Quel plaisir de retrouver Plymouth, son port accueillant et son non moins accueillant bordel ! Eh oui, il est ici question du Pilar et de ses filles de joie ! N’hésitez pas à venir rencontrer June et Lizzie, deux prostituées au grand cœur. Point d’histoire graveleuse dans ce très bel album mais des histoires de marins, de sauvetage et d’amour.
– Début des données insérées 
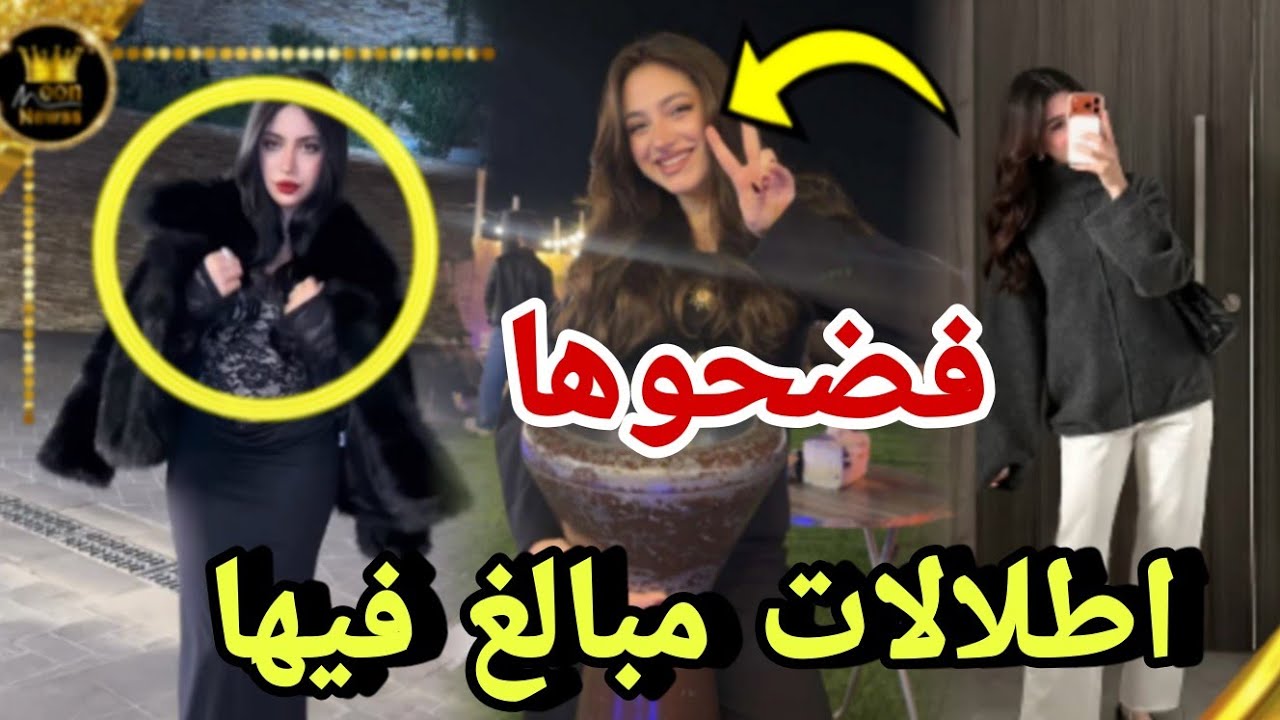 اطلالة مبالغ فيها لقمر في حفلة تخرج اخ لانا ولين محمد 😲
Nous voilà donc de retour à Plymouth en cette année 1810. L’époque se veut aux grands voyages marins et aux découvertes. Et comme dans tous les ports dignes de ce nom, Plymouth possède son bordel, Le Pilar. Les pensionnaires du lieu forment une jolie famille soudée et sympathique. Mais c’est un aussi et surtout un port où accostent les navires, de retour d’expéditions. Tane, colosse maori et manchot, fraîchement débarqué, cherche un emploi et ses pas le guident au Pilar. Sa gentillesse et son empathie naturelles mais aussi son imposante stature font de lui le chevalier des filles. Gare aux malotrus qui leur manqueraient de respect ! Surtout à June qui se prend d’une amitié sincère et profonde pour lui et son histoire. Il s’est retrouvé à Plymouth suite au décès du Professeur Gray qu’il accompagnait au retour d’une expédition scientifique. Mais lorsque Tane est accusé d’avoir volé la découverte du défunt professeur, ce sont elles, les filles de joie, qui vont tout faire pour l’innocenter. Lizzie, une autre pensionnaire du Pilar, va alors rencontrer Jeremy Gray, le fils du professeur. Mais une histoire d’amour est-elle envisageable ? Elle est une fille de joie et lui un notable respecté. Voilà, le décor est planté, les personnages sont romanesques et attachants, et la mer toujours bien présente. Teresa Radice et Stefano Turconi signent là un roman graphique poétique. Le trait est délicat et les couleurs douces et chaleureuses, ce qui confère à l’album une ambiance particulièrement douce malgré une thématique forte. Il est question d’histoires de femmes et d’hommes aux caractères bien trempés qui osent aller contre la société bien-pensante du XIXe siècle. Cette thématique d’histoires de marins liés à celui des filles de joie était déjà présente dans Le Port des marins perdus. Ce très beau roman graphique des mêmes auteurs, paru en 2016 chez Treize étrange, nous racontait l’histoire d’Abel, jeune marin naufragé et amnésique. Lui aussi avait débarqué à Plymouth et était à la recherche de son passé. Le traitement graphique tout en nuances de gris traduisait bien l’ambiance nostalgique et un peu fantastique du texte (apparition du port au loin dans la brume). Là encore, c’est grâce aux filles de joie du Pilar qu’Abel réussira à découvrir qui il est en réalité. Avec ces deux magnifiques albums à la présentation soignée et à la qualité littéraire indéniable, les auteurs nous emmènent sur les traces d’un Stevenson. À lire absolument.